*** Begin section ***

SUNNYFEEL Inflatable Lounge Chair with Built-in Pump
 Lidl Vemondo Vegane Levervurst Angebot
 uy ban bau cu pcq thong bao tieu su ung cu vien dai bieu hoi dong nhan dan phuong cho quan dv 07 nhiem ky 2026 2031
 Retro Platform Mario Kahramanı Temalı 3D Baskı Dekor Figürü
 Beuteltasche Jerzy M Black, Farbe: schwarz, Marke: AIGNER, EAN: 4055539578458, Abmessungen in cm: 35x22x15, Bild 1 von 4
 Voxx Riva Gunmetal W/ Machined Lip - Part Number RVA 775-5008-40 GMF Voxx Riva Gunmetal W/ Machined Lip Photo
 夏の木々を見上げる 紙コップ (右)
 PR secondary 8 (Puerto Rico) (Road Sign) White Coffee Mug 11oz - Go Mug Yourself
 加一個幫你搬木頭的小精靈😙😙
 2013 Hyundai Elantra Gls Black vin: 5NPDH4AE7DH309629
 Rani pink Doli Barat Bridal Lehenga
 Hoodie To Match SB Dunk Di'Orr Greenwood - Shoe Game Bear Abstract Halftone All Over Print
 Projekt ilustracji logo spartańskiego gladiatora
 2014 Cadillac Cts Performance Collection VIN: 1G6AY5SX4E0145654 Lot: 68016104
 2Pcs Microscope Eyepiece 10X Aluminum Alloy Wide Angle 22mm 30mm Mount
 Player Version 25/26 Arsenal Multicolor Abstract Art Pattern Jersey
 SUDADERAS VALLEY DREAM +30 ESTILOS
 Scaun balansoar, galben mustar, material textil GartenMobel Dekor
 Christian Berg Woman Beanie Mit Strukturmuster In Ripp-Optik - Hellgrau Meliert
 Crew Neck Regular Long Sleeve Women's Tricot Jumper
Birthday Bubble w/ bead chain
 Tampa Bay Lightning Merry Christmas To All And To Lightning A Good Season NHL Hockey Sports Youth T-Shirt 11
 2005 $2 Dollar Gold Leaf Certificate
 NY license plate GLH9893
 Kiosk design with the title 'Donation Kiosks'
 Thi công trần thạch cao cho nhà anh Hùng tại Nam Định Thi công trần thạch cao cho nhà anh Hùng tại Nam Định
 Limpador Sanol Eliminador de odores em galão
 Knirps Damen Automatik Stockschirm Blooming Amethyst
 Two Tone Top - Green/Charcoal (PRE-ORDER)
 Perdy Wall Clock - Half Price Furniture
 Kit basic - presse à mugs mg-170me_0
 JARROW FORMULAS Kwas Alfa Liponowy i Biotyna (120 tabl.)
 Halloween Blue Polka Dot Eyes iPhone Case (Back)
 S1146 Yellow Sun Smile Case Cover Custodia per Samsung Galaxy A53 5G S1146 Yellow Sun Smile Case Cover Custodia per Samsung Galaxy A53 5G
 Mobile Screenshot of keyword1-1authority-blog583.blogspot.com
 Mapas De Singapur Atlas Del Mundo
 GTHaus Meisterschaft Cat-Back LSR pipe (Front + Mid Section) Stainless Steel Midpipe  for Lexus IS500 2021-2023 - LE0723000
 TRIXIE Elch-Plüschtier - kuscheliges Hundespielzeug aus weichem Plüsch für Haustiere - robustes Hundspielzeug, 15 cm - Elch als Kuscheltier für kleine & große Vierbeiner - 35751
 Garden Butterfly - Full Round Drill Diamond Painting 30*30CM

*** End section ***

ACTIVITY — Look through the entries above. Copy each line in which the string "with" occurs.

WRITTEN ANSWER —
SUNNYFEEL Inflatable Lounge Chair with Built-in Pump
 Kiosk design with the title 'Donation Kiosks'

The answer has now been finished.